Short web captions

══════════

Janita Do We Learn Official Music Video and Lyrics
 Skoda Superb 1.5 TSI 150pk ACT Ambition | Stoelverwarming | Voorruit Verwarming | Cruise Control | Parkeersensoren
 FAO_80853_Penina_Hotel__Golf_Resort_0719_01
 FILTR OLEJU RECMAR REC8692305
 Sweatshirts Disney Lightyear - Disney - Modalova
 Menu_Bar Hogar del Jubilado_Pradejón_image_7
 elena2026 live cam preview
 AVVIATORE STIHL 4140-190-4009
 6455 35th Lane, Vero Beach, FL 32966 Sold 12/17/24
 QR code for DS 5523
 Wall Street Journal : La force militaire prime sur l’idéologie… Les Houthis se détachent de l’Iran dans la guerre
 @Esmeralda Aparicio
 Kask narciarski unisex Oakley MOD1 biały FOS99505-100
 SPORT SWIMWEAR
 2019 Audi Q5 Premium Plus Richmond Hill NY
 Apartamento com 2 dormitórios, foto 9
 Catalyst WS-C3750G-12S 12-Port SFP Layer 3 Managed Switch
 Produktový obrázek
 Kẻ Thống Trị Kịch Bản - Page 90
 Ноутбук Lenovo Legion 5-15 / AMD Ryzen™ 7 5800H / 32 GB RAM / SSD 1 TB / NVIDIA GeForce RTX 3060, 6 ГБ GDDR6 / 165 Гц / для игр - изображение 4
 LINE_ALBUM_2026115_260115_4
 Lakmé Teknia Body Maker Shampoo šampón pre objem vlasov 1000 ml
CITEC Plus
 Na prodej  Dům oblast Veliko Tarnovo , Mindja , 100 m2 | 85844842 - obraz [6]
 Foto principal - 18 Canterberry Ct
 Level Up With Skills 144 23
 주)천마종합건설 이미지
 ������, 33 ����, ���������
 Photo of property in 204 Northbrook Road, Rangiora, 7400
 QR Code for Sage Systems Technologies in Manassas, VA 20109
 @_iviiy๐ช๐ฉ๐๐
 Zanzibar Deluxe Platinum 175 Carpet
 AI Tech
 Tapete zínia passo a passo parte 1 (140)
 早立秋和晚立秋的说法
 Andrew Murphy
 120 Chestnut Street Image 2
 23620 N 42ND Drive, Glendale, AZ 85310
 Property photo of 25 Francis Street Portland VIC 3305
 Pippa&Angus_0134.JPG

══════════

- [Exercise directions]:
The lines that contain the word "Street" are wanted; copy each of them from the records.

- [Your response]:
 Wall Street Journal : La force militaire prime sur l’idéologie… Les Houthis se détachent de l’Iran dans la guerre
 120 Chestnut Street Image 2
 Property photo of 25 Francis Street Portland VIC 3305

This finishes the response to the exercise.